* GOAL OF THE EXERCISE
From the line with "Un balcon avec" through the line with "L'enfant avec un", repeat the entries verbatim, both end lines included, and add nothing.

◇ ◇ ◇

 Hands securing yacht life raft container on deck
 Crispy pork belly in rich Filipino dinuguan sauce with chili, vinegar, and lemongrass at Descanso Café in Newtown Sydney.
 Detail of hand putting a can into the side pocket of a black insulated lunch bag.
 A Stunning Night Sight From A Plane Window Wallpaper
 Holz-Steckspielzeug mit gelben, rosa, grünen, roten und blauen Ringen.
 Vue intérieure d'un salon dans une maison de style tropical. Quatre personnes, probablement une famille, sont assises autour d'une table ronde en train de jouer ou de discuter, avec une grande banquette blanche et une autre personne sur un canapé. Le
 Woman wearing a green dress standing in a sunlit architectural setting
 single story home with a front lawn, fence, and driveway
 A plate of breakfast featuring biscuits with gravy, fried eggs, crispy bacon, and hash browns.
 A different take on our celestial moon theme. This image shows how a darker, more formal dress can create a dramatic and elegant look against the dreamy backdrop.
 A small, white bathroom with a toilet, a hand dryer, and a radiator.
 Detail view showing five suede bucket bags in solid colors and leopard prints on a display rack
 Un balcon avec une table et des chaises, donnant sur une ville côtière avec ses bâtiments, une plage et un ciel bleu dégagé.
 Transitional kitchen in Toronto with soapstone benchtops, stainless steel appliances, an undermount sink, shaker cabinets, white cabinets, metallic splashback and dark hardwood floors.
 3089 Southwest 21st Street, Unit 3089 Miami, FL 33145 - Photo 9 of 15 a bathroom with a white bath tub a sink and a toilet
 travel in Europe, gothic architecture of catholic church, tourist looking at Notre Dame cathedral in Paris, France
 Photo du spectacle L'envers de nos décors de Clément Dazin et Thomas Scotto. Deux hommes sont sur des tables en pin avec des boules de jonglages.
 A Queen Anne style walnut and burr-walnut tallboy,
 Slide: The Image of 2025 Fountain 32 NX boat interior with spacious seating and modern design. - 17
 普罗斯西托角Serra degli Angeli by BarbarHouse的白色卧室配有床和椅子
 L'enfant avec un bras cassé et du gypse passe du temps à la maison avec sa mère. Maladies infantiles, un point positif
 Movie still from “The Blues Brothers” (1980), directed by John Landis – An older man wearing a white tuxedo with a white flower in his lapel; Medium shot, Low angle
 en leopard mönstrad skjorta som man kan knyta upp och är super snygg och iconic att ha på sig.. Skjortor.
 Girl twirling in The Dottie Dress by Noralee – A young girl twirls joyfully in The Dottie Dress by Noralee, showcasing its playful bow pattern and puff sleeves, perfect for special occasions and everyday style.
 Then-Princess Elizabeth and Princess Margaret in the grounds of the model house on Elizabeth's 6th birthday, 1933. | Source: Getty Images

◇ ◇ ◇

* OUTPUT FOR THIS TASK
 Un balcon avec une table et des chaises, donnant sur une ville côtière avec ses bâtiments, une plage et un ciel bleu dégagé.
 Transitional kitchen in Toronto with soapstone benchtops, stainless steel appliances, an undermount sink, shaker cabinets, white cabinets, metallic splashback and dark hardwood floors.
 3089 Southwest 21st Street, Unit 3089 Miami, FL 33145 - Photo 9 of 15 a bathroom with a white bath tub a sink and a toilet
 travel in Europe, gothic architecture of catholic church, tourist looking at Notre Dame cathedral in Paris, France
 Photo du spectacle L'envers de nos décors de Clément Dazin et Thomas Scotto. Deux hommes sont sur des tables en pin avec des boules de jonglages.
 A Queen Anne style walnut and burr-walnut tallboy,
 Slide: The Image of 2025 Fountain 32 NX boat interior with spacious seating and modern design. - 17
 普罗斯西托角Serra degli Angeli by BarbarHouse的白色卧室配有床和椅子
 L'enfant avec un bras cassé et du gypse passe du temps à la maison avec sa mère. Maladies infantiles, un point positif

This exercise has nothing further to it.